Great Chicago Fire of 1871: How weather played a role

Weather conditions contributed to the fire in Chicago and other massive fires around the Midwest that same day.

Larry Mowry Image
Friday, October 8, 2021
Great Chicago Fire of 1871: How weather played a role
We've heard stories about the fire, but many people may not know the role weather played.

CHICAGO (WLS) -- Friday marks 150 years since the Great Chicago Fire of 1871. Fire began tearing through the city. Despite widespread destruction, there are still buildings around Chicago that survived the fire, including Water Tower and several churches.



We've heard stories about the fire, but many people may not know the role weather played.



Weather conditions contributed to the fire in Chicago and other massive fires around the Midwest that same day.



The Midwest was a tinderbox back in October of 1871.



Chicago was not the only place that burned. Other Midwest locations had major fires at the same time-- and the weather played a huge factor in all of these fires.



Chicago was a city built from wood logged from Wisconsin and Michigan.



When drought struck the Midwest that summer and lasted into the fall, conditions were set for devastating fires.

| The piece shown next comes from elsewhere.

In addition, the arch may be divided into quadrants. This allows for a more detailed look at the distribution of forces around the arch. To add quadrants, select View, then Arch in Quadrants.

In the 22 days leading up to the Chicago Fire, only .22" of rain had fallen. Additionally, it was a very warm start to October, with a high of 85 on October 8th.



We have that weather information because of what was located at 181 W Washington Street. A year before the fire, the US Army Signal Service was tasked to report daily weather information and transmit it back to Washington DC via the blossoming technology of the telegraph from a handful of sites. The first weather map produced from those reports on January 1, 1871, showcases this.

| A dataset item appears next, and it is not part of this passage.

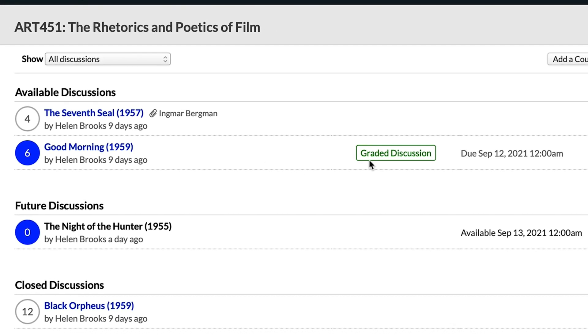Another thing to note is that one of these available discussions has the graded discussion tag as well as a due date, and this other discussion has neither of those — and that's up to your instructor. A quick disclaimer: Populi gives your instructor a lot of options when they're creating a discussion. In light of that, a discussion in your course might look really different from what you're seeing here, but just know that the general concepts will basically be the same.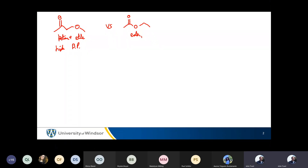The ketone will have a higher boiling point than the ester. That was not the case for the question you got. The question you got had a ketone — acetone — and an ester — methyl acetate.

There were fires burning around the city several days leading up to the night of the fire, which started in the O'Leary's barn.



That fire turned into a monster when winds picked up dramatically after 9pm.

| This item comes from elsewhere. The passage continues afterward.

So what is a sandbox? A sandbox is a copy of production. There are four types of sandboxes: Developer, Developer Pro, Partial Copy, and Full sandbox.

A classic fall storm was forming. As night settled in, a low level jet kicked up the winds. These low level jets are pockets of high winds that stay a few thousand feet above the ground during the day, but at night the winds can mix down to the surface. You may have experienced this on warm fall evenings when, after sunset, it gets windy.



Those winds pushed the fire northeast, destroying 3 square miles of the city and leaving 100,000 homeless and hundreds dead.



While Chicago was burning, an unimaginable scene of death was happening in northern Wisconsin. The Peshtigo fire which burned on both sides of Green Bay killed an estimated 1,200 to 2,500 people, with 1.2 million acres burned.



Holland, Michigan also burned to the ground the same night as Chicago with fires extending across the state to Port Huron. About 3,600 square miles burned in Michigan.



The simultaneous fires led to speculation that a comet breaking apart over the Great Lakes led to so many fires-- a theory disproven.



Historians agree it was the perfect storm of weather, drought, logging practices and building materials that led to so many fires



The Chicago History Museum opened the new exhibit "City on Fire"


Friday, which takes people back to the moments before and after the inferno destroyed thousands of buildings.